[whatwg] Superset encodings [Re: ISO-8859-* and the C1 control range] from Øistein E. Andersen on 2009-10-22 (public-whatwg-archive@w3.org from October 2009)

From: Øistein E. Andersen <liszt@coq.no>
Date: Thu, 22 Oct 2009 21:23:43 +0100
Message-ID: <CE58097B-5429-4264-AE84-4BAD459943E4@coq.no>

On 22 Oct 2009, at 17:15, NARUSE, Yui wrote:

> First, JIS-X-0208 and JIS-X-0212 are not in IANA Charsets,

I am not sure what you mean; they are both listed at
<http://www.iana.org/assignments/character-sets>:

Name: JIS_C6226-1983                                     [RFC1345,KXS2]
MIBenum: 63
Source: ECMA registry
Alias: iso-ir-87
Alias: x0208
Alias: JIS_X0208-1983
Alias: csISO87JISX0208

Name: JIS_X0212-1990                                     [RFC1345,KXS2]
MIBenum: 98
Source: ECMA registry
Alias: x0212
Alias: iso-ir-159
Alias: csISO159JISX02121990

> moreover those correct names as spec are JIS X 0208 and JIS X 0212.

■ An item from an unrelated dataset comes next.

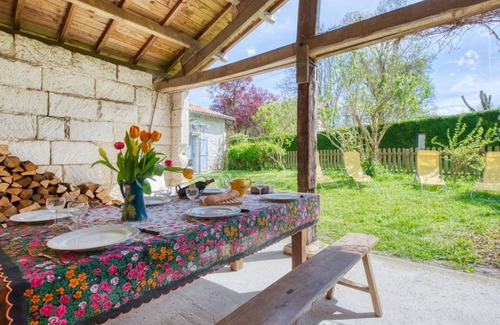 Rioux-Martin Villa | 130 m² Villa ∙ 3 bedrooms ∙ 6 guests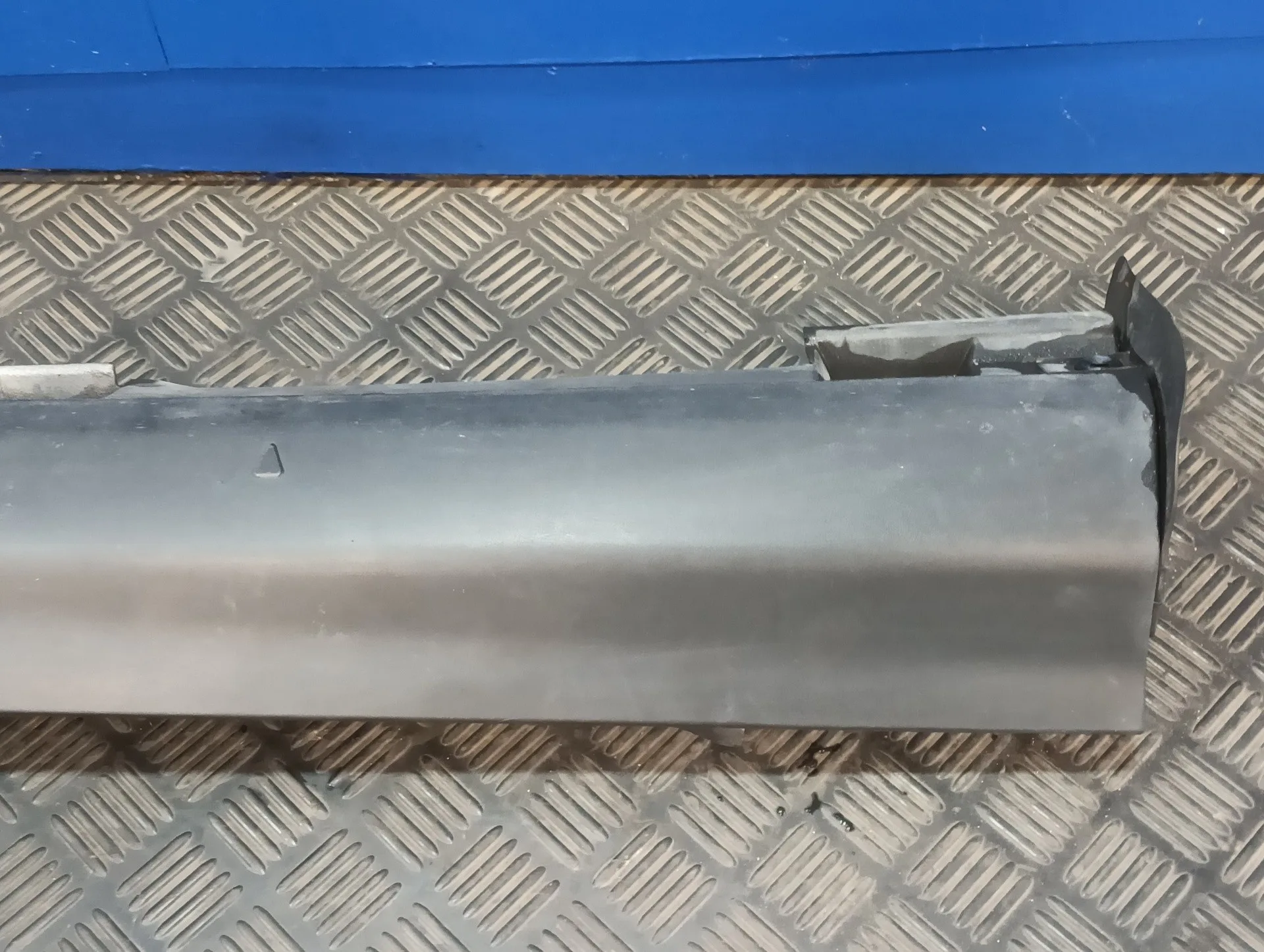 Talonera Derecha para Ford Focus Lim. (Cb8)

(The IANA registry is internally inconsistent and often disagrees with  
official standards when it comes to capitalisation, dashes/hyphens,  
underscores and spaces, so it is difficult to get this right. Please  
excuse me for not always paying due attention to such details in e- 
mails. Of course, the specifications should follow either IANA or the  
official standard as appropriate, depending on what it is referring to.)

> Second, JIS_C6226-1983, JIS_X0212-1990, and EBCDICs are not
> ASCII compatible. So they are out of discouraged; mustn't use.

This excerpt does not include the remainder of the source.